Raw data Start Marker

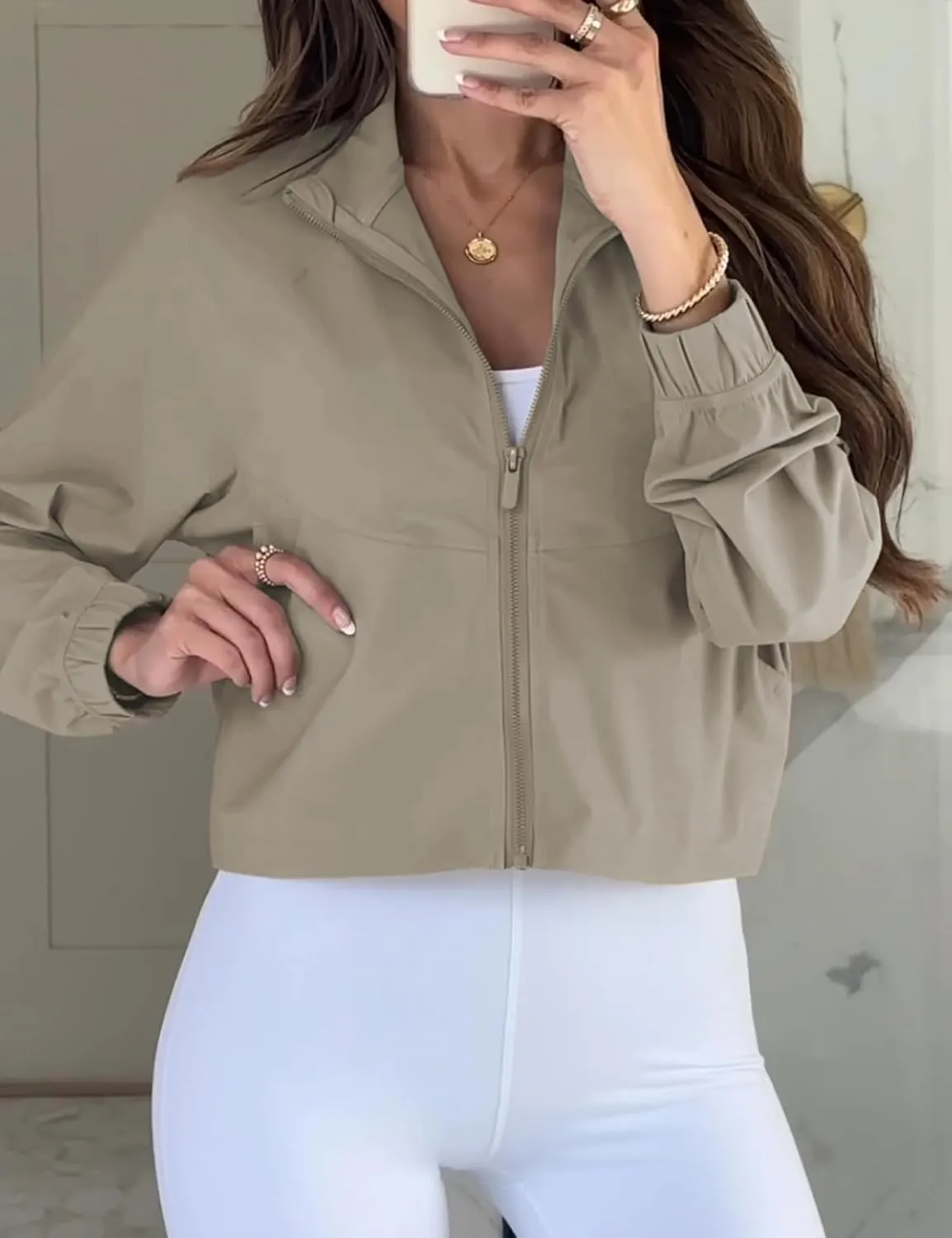 UANEO Womens Athletic Cropped Jacket Zip Up Long Sleeve Workout Tops Gym Yoga Running Sports Shirts Jackets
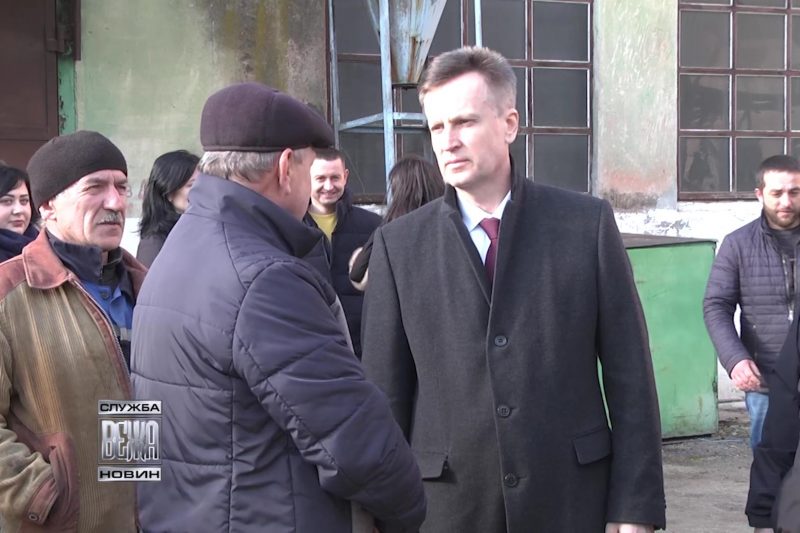Валентин Наливайченко зустрівся із дирекцією Івано-Франківського комбінату хлібопродуктів (ВІДЕО)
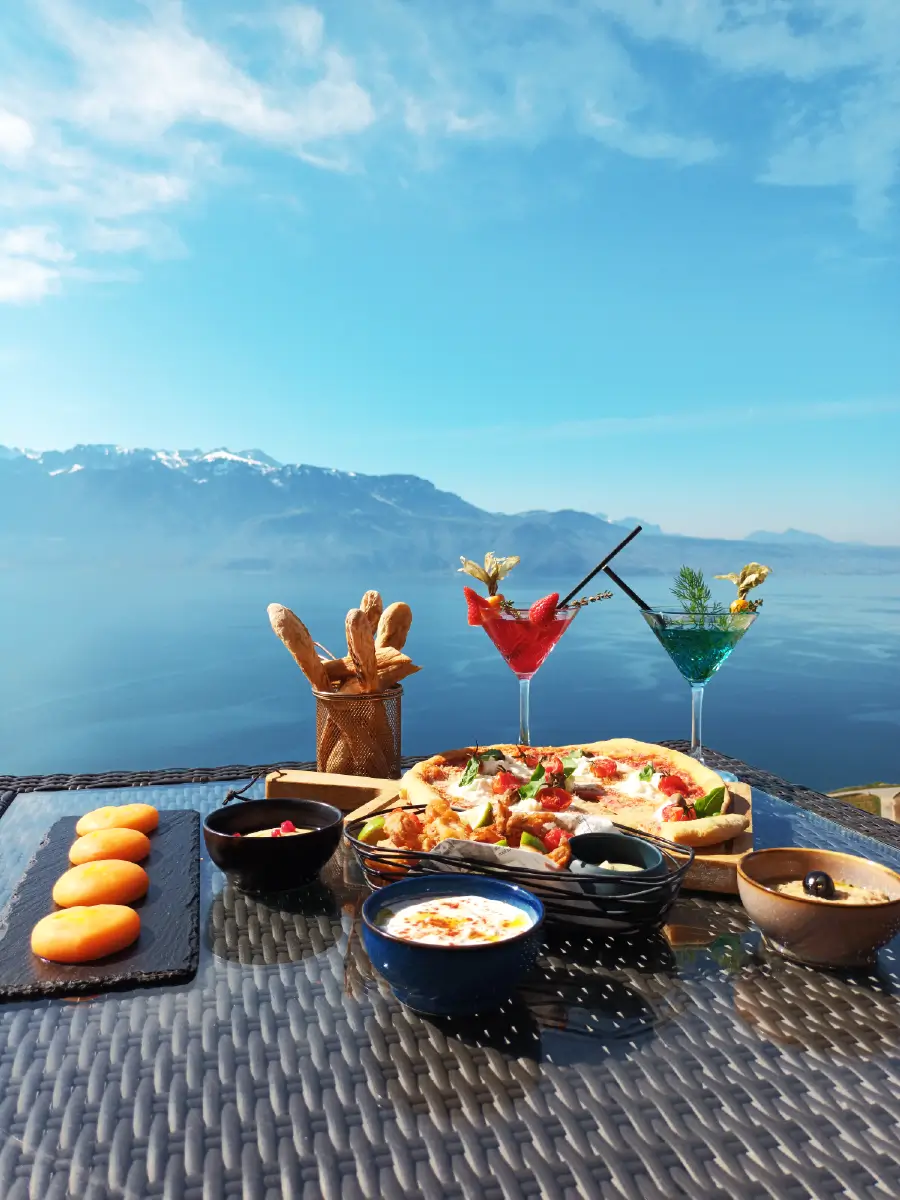 Cocktail VIP Table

Raw data End Marker

Prompt
Leaving out the pictures, reproduce the whole listing above exactly.

Task solution
 UANEO Womens Athletic Cropped Jacket Zip Up Long Sleeve Workout Tops Gym Yoga Running Sports Shirts Jackets
Валентин Наливайченко зустрівся із дирекцією Івано-Франківського комбінату хлібопродуктів (ВІДЕО)
 Cocktail VIP Table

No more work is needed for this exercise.